**REQUIREMENT**
Retype the data that follows with no alterations, please.

--- DATA FOR THIS TASK ---

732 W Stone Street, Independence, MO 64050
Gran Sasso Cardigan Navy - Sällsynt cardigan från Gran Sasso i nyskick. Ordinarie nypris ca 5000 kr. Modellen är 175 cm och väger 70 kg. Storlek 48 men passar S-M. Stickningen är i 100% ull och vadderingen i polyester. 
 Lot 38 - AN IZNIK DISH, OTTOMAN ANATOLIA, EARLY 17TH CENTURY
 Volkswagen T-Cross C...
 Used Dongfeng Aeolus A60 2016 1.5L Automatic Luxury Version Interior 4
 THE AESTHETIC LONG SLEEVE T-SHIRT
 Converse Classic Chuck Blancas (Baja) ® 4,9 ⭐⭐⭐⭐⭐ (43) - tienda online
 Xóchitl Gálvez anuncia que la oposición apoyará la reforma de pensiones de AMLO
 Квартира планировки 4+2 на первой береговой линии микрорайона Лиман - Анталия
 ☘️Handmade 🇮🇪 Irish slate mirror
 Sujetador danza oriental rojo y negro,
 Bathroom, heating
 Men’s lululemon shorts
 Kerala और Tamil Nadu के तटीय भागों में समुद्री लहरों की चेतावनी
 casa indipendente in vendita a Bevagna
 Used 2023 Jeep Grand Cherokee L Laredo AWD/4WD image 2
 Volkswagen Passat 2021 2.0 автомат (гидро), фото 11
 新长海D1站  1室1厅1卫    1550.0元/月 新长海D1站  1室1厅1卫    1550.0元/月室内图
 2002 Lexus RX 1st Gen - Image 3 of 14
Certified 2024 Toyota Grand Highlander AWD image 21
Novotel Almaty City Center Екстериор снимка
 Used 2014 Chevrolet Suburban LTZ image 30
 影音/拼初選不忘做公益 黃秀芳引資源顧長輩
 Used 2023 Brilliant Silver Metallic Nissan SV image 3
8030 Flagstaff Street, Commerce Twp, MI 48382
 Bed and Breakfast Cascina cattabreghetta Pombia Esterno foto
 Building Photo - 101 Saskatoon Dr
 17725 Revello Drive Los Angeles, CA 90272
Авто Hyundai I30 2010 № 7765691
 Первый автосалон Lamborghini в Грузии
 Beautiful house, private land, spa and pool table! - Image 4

---

**RESPONSE**
732 W Stone Street, Independence, MO 64050
Gran Sasso Cardigan Navy - Sällsynt cardigan från Gran Sasso i nyskick. Ordinarie nypris ca 5000 kr. Modellen är 175 cm och väger 70 kg. Storlek 48 men passar S-M. Stickningen är i 100% ull och vadderingen i polyester. 
 Lot 38 - AN IZNIK DISH, OTTOMAN ANATOLIA, EARLY 17TH CENTURY
 Volkswagen T-Cross C...
 Used Dongfeng Aeolus A60 2016 1.5L Automatic Luxury Version Interior 4
 THE AESTHETIC LONG SLEEVE T-SHIRT
 Converse Classic Chuck Blancas (Baja) ® 4,9 ⭐⭐⭐⭐⭐ (43) - tienda online
 Xóchitl Gálvez anuncia que la oposición apoyará la reforma de pensiones de AMLO
 Квартира планировки 4+2 на первой береговой линии микрорайона Лиман - Анталия
 ☘️Handmade 🇮🇪 Irish slate mirror
 Sujetador danza oriental rojo y negro,
 Bathroom, heating
 Men’s lululemon shorts
 Kerala और Tamil Nadu के तटीय भागों में समुद्री लहरों की चेतावनी
 casa indipendente in vendita a Bevagna
 Used 2023 Jeep Grand Cherokee L Laredo AWD/4WD image 2
 Volkswagen Passat 2021 2.0 автомат (гидро), фото 11
 新长海D1站  1室1厅1卫    1550.0元/月 新长海D1站  1室1厅1卫    1550.0元/月室内图
 2002 Lexus RX 1st Gen - Image 3 of 14
Certified 2024 Toyota Grand Highlander AWD image 21
Novotel Almaty City Center Екстериор снимка
 Used 2014 Chevrolet Suburban LTZ image 30
 影音/拼初選不忘做公益 黃秀芳引資源顧長輩
 Used 2023 Brilliant Silver Metallic Nissan SV image 3
8030 Flagstaff Street, Commerce Twp, MI 48382
 Bed and Breakfast Cascina cattabreghetta Pombia Esterno foto
 Building Photo - 101 Saskatoon Dr
 17725 Revello Drive Los Angeles, CA 90272
Авто Hyundai I30 2010 № 7765691
 Первый автосалон Lamborghini в Грузии
 Beautiful house, private land, spa and pool table! - Image 4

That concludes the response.